Instructions for the task: All lines in the records below from the line with "Acetate Chili Hair" through the line with "Katerina Fashion Korean" are to be given again exactly, both ends included; the pictures are to be left out.

Exercise data:
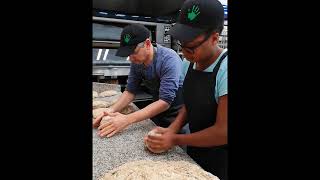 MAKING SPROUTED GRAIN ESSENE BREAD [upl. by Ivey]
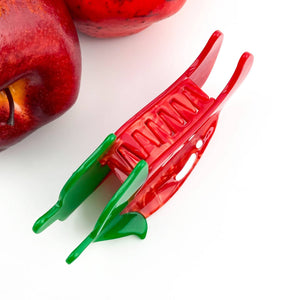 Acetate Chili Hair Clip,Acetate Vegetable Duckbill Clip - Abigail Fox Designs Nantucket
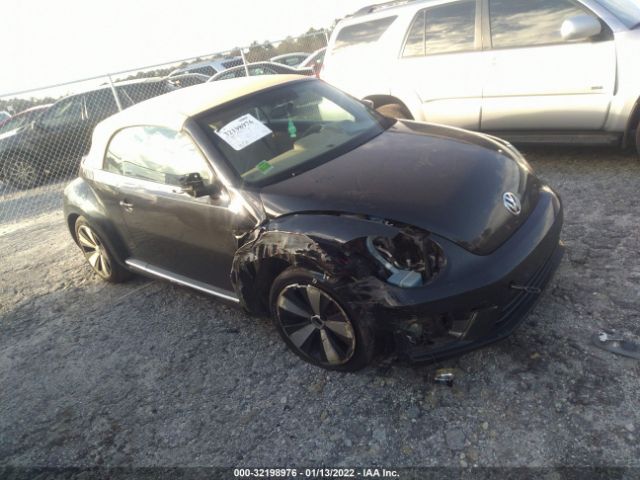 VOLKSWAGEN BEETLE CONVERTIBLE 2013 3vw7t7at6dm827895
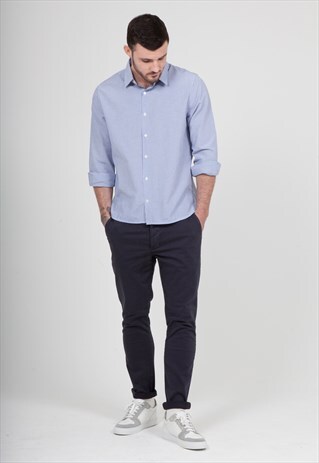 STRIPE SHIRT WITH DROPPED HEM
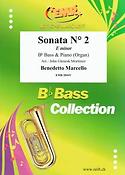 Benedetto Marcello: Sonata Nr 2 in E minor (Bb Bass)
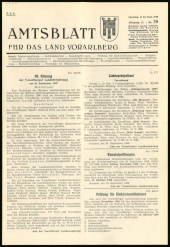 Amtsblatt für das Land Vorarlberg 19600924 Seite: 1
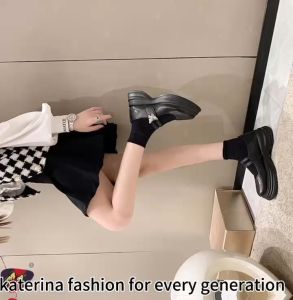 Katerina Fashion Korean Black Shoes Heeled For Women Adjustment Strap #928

==

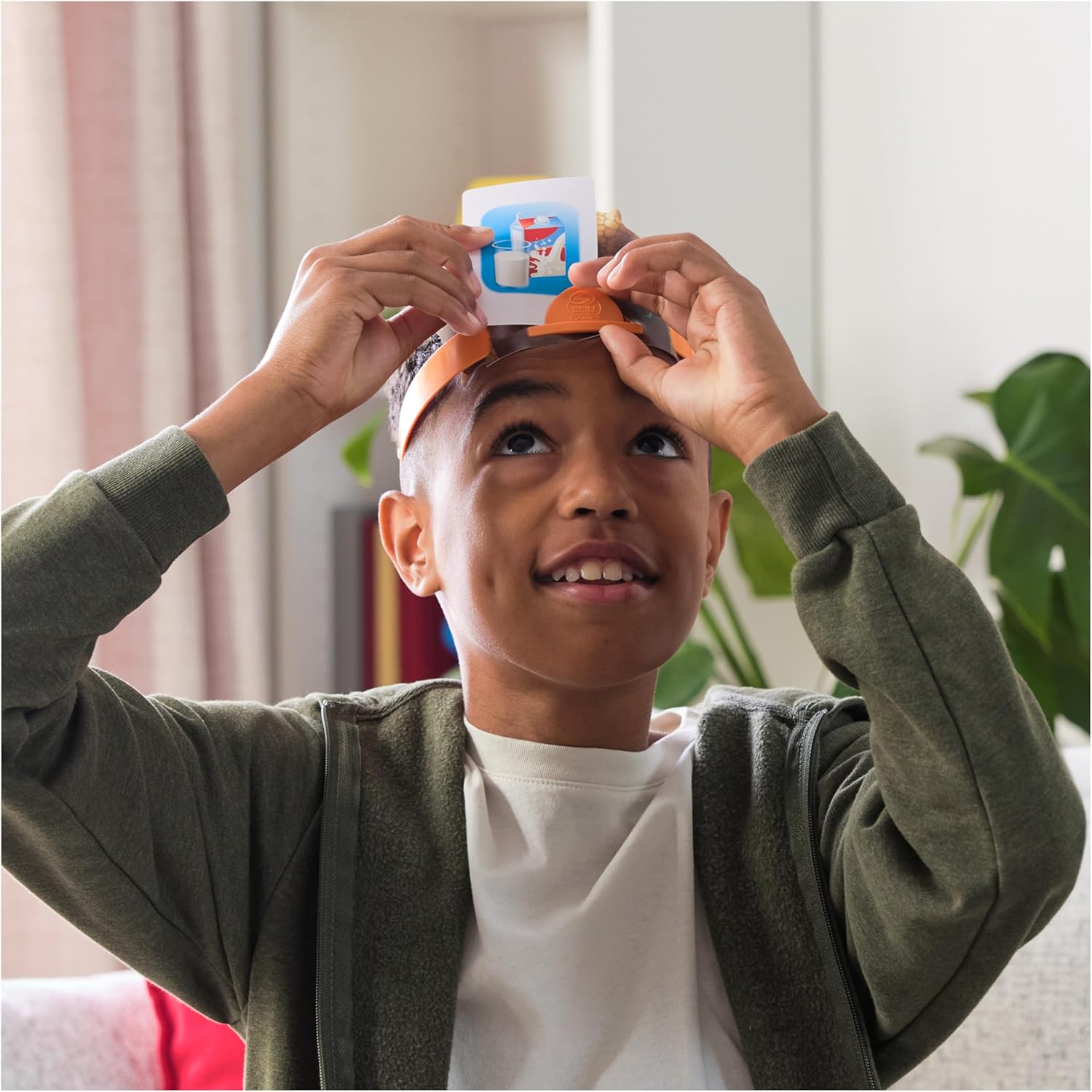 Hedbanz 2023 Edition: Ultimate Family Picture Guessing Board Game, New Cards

--

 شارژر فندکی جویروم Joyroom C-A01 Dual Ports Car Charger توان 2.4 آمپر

Task solution:
 Acetate Chili Hair Clip,Acetate Vegetable Duckbill Clip - Abigail Fox Designs Nantucket
 VOLKSWAGEN BEETLE CONVERTIBLE 2013 3vw7t7at6dm827895
 STRIPE SHIRT WITH DROPPED HEM
 Benedetto Marcello: Sonata Nr 2 in E minor (Bb Bass)
 Amtsblatt für das Land Vorarlberg 19600924 Seite: 1
 Katerina Fashion Korean Black Shoes Heeled For Women Adjustment Strap #928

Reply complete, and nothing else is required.